If that small hole in the top gets clogged by crud or something, and then the power goes out the tank is likely to empty.

You might be better off trying a different approach - either using additional current creators (power heads, UGJs) or trying to better 'aim' your returns so that water is driven up the tank walls near where your overflow is located.

For redundancy sake, I'd go with an additional filter for the tank. It is tough to get adequate performance from only a sump on a large tank, without resorting to huge pumps and overflows. As a data point, I have a Mag 18 on my 180, and I felt the need to add a couple of powerheads to increase the flow and move detritus towards one of the overflows.


----------



## bearrock (Sep 3, 2011)

I had the same issue. I swapped the standard returns for a spray bar that sits just below the surface (barely into the water so you can not see it or hear it) the effect was a current that pushed down the back side of the tank across the gravel and back up again. I would like to say I knew this would happen but it was pure luck  .

Since you are noticing the large particles I would guess you are using a white sand, if this is the case I would suggest either mixing with black, going all black or increasing how often you vac the tank.


----------



## CITADELGRAD87 (Mar 26, 2003)

I am attempting a similar exercise, but I have a built in overflow, so my setup has the return shooting UP from the bottom of the tank through a series of undersand jets, same idea but I would guess several jets would move more poo than a single intake? My jets are designed to circulate the water counterclockwise up and toward the intake gates.

My jets will rely on the same antisiphon hole that your shows, and I will be drilling a couple. I will just check the holes every water change and will be satisfied with that. I have no snails, so I am not going to worry about it.


----------



## Dragonkeeper (Feb 9, 2007)

A few hydor korlia pumps will fix this problem.


----------



## krfhsf (Dec 25, 2008)

Chris if that pvc on the backside was double elbowed back up to 1" or so below the surface. Then double elbowed back down to the sump. It will work. I have 2-200gal set up this way. when the water drains down 1" it will stop the flow. You will need a aqua lifter pump and air tube drilled into the pvc on the top pipe going over to the backside pipe(for prime). The flow is weak and you will want a surface drain too.


----------



## sprigsss (Sep 17, 2003)

I would add a t to where the drain line starts going down. That way you don't have a small hole that can be plugged. At the same time it could make water changes a sinch, because by placing a cap over the T you could drain the tank through the same line.

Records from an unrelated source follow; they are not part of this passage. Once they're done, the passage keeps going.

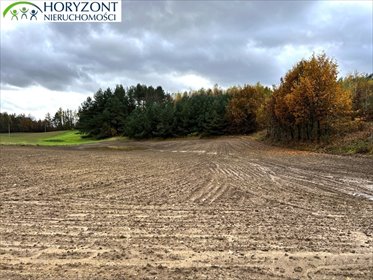 Zapraszam do obejrzenia dużej działki 14 200 m² w Kaszubach działka Mściszewice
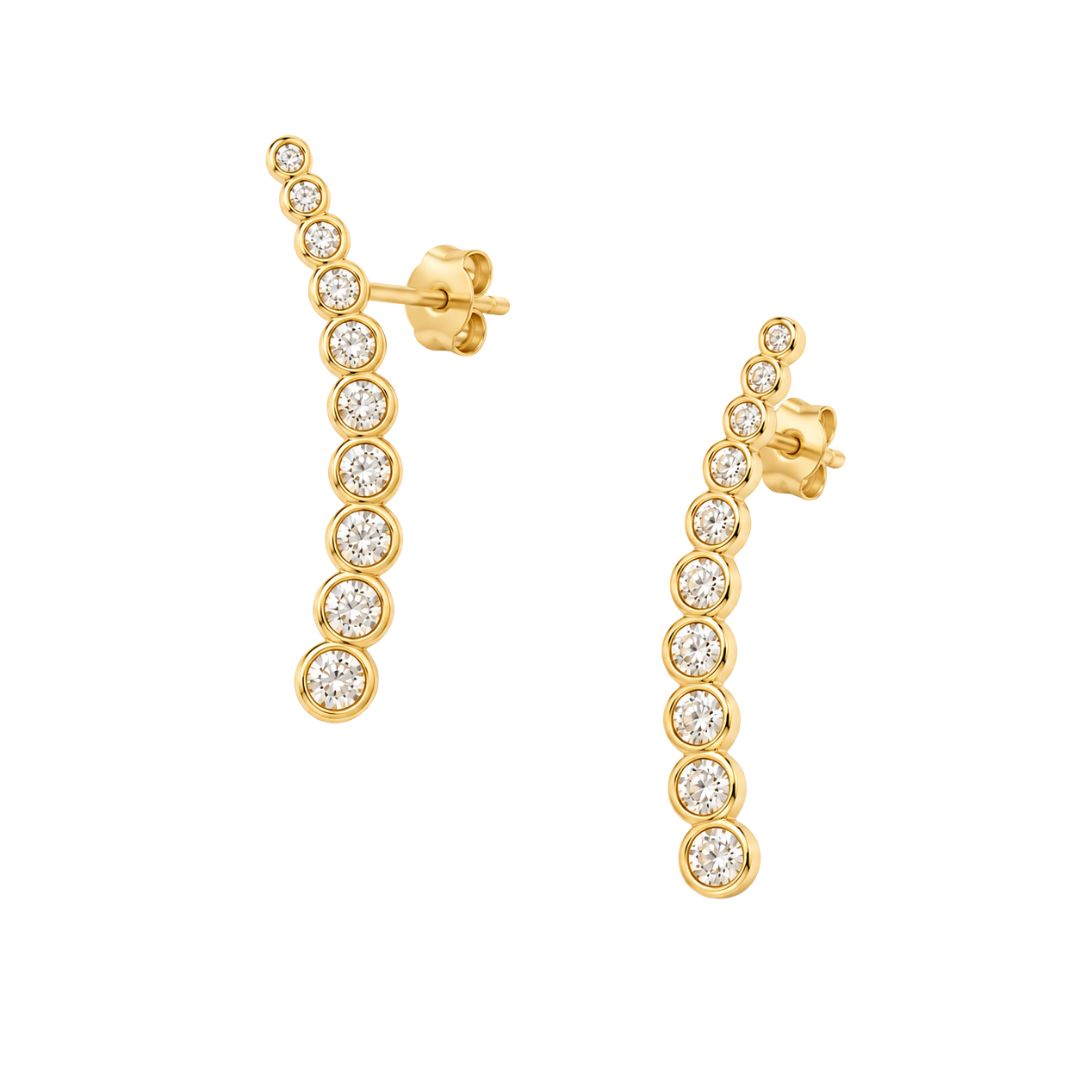 Elegant gold and diamond earrings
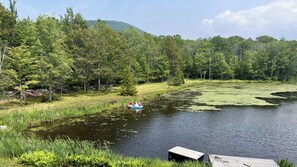 Paddleboat adventurers are exploring pond lilies. 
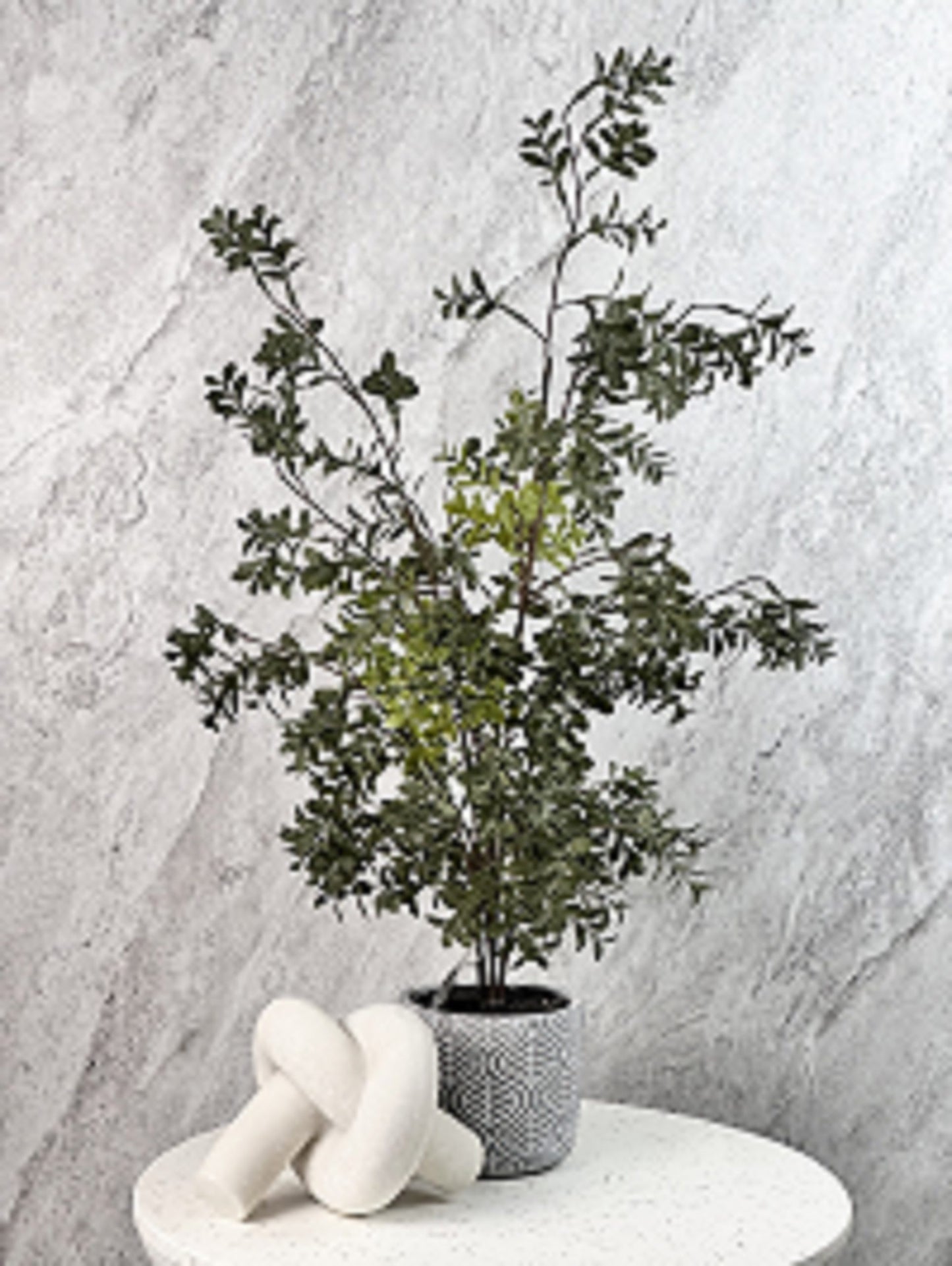 עציץ בכלי בטון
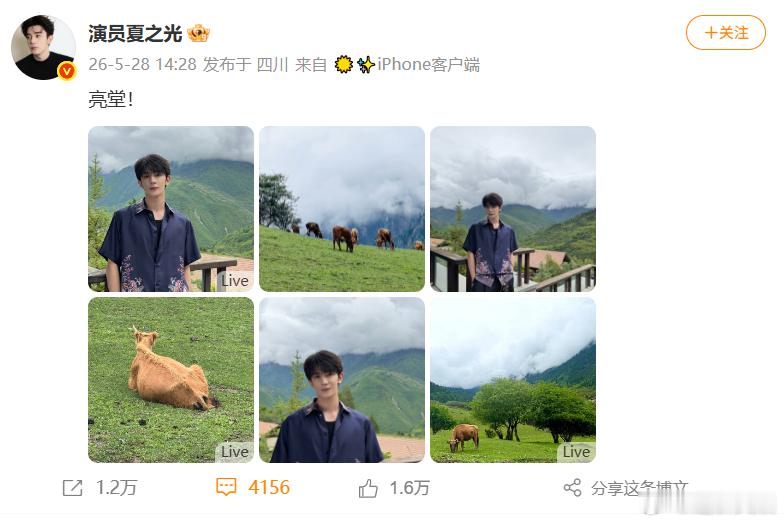 夏之光粉丝在线帮P图夏之光亮堂生图谁不说一句夏之光生图比精修好看！亮堂生图干净透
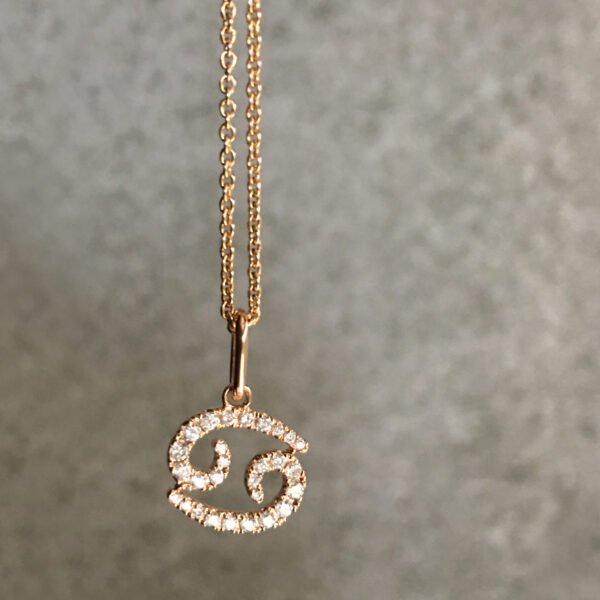 FP203-2.jpg | foroworld | foroworld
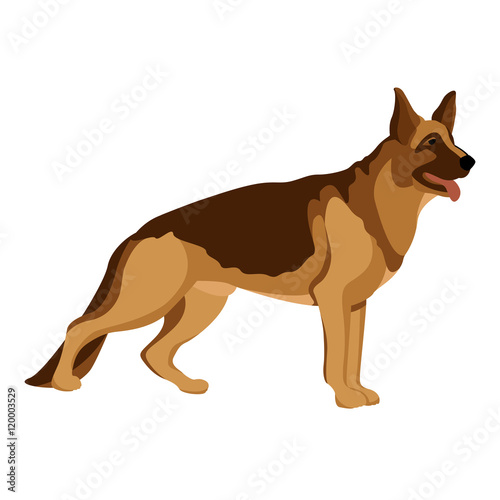 German Shepherd Dog Flat realistic style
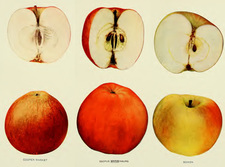 apples_of_new_york_illustrations.jpg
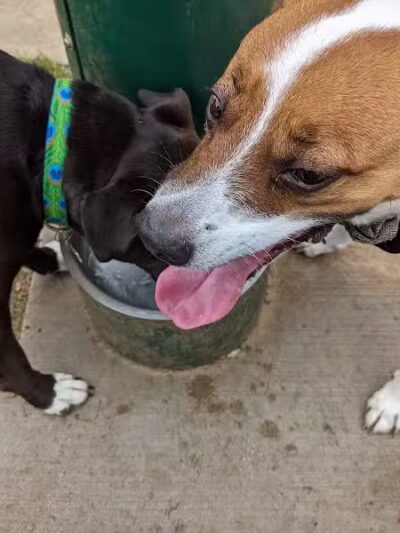 Euless Dog Park - Euless, TX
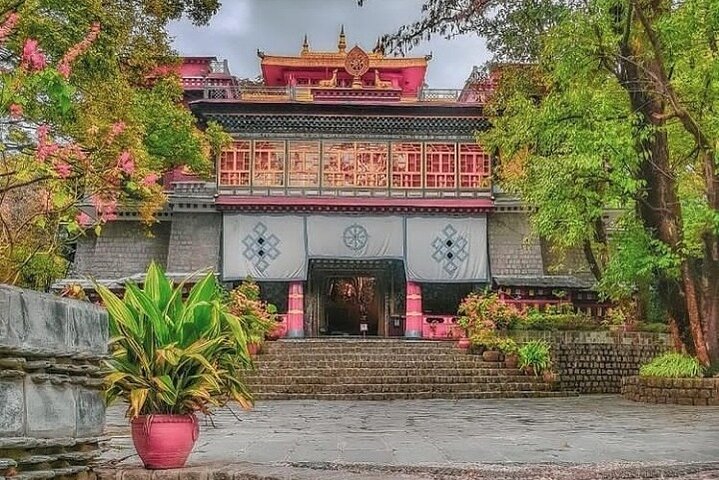 Guided, India's Own Mini Tibet Mcleodganj- Culture Tour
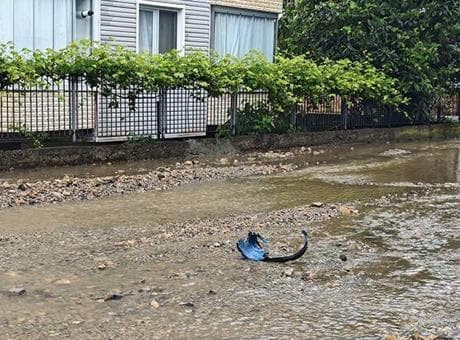 Ordu'da hayat durdu! Sağanak nedeniyle dakikalar içinde sokaklar göle döndü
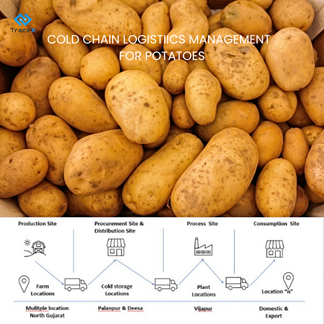 potato procurement, potato procurement for cold chain management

I've kicked around a similar design for quite some time planning for my next tank, but just haven't come across the right deal yet. Was planning on using a 55 gallon drum as a sump.


----------



## krfhsf (Dec 25, 2008)

yea the T is the way to go with the air assist . But when the water goes below the T it will stop the syphon every time. so I don't see how this would work for a water change. Maybe I'm missing something.


----------



## Rick_Lindsey (Aug 26, 2002)

You'd have to cap the vent if you wanted to use it for a water change, I really like it though! Then again, if I'm using a sump, I doubt I'll be doing the water change from the main tank! Just drain the sump empty (pump it dry?) and refill.

-Rick (the armchair aquarist)


----------



## sprigsss (Sep 17, 2003)

Rick_Lindsey said:


> You'd have to cap the vent if you wanted to use it for a water change, I really like it though! Then again, if I'm using a sump, I doubt I'll be doing the water change from the main tank! Just drain the sump empty (pump it dry?) and refill.
> 
> -Rick (the armchair aquarist)


Thats a good point.

When I was planning my setup, I was thinking I wouldn't be able to siphon the water out of the sump as easily. I guess you could always put a valve on the return line and pump the water out of the sump. I was thinking of putting a valve right above the drum along with a drain line and siphoning the water out of the tank.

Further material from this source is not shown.